Progressive shear-surface development in cohesive materials; implications for landslide behaviour

• Progressive shear surface development was studied using specialist triaxial cell tests.
• Provides new insight into mechanisms of landslide movement
• Experiments confirm brittle failure associated with shear surface development.
• Creep test shows the same failure mechanism that occurs at constant stress.
• Failure is progressive and results from micro-cracking and strain localisation.

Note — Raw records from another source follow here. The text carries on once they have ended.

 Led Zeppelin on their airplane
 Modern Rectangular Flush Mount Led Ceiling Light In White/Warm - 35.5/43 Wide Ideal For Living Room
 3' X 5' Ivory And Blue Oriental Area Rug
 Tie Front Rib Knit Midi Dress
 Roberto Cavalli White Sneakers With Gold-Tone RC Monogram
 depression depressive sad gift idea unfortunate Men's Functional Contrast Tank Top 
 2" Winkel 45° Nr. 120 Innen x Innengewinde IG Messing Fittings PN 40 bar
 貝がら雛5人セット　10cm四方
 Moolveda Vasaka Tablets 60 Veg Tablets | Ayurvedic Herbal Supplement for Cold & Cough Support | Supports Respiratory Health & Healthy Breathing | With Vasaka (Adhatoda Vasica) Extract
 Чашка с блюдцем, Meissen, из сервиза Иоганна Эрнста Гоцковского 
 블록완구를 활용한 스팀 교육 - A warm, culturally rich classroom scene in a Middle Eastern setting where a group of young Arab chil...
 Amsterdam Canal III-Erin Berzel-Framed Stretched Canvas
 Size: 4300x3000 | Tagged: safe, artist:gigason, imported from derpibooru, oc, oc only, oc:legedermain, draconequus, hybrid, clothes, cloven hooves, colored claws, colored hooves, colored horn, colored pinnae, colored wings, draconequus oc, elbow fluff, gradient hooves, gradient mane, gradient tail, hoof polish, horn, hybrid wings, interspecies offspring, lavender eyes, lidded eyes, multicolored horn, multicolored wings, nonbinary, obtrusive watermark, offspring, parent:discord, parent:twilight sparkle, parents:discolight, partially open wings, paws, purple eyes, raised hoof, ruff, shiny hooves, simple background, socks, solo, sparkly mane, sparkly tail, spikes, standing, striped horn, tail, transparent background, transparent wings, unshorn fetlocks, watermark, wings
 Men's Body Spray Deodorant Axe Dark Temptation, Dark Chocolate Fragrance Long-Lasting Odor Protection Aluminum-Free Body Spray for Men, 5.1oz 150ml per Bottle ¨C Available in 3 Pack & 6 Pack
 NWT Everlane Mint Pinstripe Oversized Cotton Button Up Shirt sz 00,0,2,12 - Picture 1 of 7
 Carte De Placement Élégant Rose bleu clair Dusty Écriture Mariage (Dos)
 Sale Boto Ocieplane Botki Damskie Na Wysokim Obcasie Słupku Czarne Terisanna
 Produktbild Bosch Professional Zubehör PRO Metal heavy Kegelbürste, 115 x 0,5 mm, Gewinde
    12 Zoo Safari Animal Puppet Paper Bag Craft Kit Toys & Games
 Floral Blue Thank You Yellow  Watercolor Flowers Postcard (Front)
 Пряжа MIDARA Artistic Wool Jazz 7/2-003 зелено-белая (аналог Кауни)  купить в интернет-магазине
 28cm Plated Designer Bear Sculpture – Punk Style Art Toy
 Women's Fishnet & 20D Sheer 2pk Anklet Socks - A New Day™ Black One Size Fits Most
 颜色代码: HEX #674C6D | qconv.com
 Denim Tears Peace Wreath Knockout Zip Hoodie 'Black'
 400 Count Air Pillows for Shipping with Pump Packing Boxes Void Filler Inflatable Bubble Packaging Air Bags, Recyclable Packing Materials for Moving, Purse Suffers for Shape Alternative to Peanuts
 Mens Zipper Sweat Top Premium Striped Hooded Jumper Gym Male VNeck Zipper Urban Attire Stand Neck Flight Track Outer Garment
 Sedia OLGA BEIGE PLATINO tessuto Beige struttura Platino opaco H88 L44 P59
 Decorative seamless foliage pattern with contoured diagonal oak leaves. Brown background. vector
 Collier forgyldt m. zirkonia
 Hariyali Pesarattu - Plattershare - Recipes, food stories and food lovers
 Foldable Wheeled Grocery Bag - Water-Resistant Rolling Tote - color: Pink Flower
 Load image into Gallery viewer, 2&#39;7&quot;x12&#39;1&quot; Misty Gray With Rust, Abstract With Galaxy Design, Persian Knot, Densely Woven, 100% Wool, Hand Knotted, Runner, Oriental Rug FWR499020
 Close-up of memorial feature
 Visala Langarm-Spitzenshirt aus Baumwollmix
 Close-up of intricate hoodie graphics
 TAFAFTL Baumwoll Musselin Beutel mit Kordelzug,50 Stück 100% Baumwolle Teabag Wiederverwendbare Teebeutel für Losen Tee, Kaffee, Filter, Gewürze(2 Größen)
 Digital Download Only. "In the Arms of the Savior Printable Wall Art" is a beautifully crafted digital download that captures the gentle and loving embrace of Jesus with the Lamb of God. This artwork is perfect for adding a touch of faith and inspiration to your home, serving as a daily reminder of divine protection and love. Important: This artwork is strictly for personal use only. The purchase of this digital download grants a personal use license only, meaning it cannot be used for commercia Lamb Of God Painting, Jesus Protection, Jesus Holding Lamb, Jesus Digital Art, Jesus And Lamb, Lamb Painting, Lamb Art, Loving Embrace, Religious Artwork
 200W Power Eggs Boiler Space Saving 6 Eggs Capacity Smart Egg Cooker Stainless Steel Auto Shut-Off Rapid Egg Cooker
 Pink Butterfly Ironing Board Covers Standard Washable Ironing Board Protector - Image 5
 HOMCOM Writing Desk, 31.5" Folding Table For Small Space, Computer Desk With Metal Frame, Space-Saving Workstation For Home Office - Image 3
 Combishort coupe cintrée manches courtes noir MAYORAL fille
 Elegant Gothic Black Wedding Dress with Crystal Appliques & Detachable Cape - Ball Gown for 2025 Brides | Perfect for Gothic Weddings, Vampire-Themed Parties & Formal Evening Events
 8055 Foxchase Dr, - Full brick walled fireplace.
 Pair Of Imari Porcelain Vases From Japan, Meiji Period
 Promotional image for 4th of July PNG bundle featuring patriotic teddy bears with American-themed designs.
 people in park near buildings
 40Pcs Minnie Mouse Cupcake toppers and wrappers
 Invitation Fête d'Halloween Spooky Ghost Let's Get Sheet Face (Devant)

The aim of this study was to investigate mechanisms of progressive shear surface development using a series of specialised triaxial cell tests. Intact and remoulded samples of Gault Clay from the Ventnor Undercliff on the Isle of Wight in southern England were subjected to pore pressure reinflation (PPR) testing in a triaxial cell, in which failure is generated by increasing pore pressure under a constant total stress state. In addition, a novel very long term (> 500 days) creep test was undertaken, in which the sample eventually failed at a constant stress state below the failure envelope.The experiments showed that undisturbed samples of the Gault Clay failed in a brittle manner, generating a linear trend when plotted using the Saito technique. On the other hand, remoulded samples showed ductile behaviour, as indicated by a non-linear Saito trend. A number of otherwise identical PPR tests were conducted in which the rate of increase in pore water pressure was varied. These tests showed that strain rate generated at any point in the PPR tests depended on both the effective stress and the rate of change of effective stress. The latter is important because a change in stress generates a change in strain. Thus, whilst tests at different rates of change of effective stress are similar when plotted in q–p′ space and in strain–p′ space, they are markedly different in strain rate–p′ space.The long term creep test failed when the stress state had been constant for over 80 days. This mechanism was reminiscent of creep rupture, occurring below the failure envelope defined in the conventional experiments.We conclude that first time failure in the Gault Clay is a progressive mechanism dominated by the development of micro-cracking, which leads to strain localisation and the development of one or more shear surfaces at failure. Whilst this mechanism may usually occur in response to a change in stress, the study indicates that failure can develop progressively. In the remoulded Gault Clay shear strains cannot localise along a singular shear surface.The results provide new insight into the mechanisms of landslide movement operating within the Ventnor landslide complex and indicate that present movements are likely to be occurring on a pre-existing shear surface. The lab tests suggest that this material is unlikely to undergo catastrophic failure.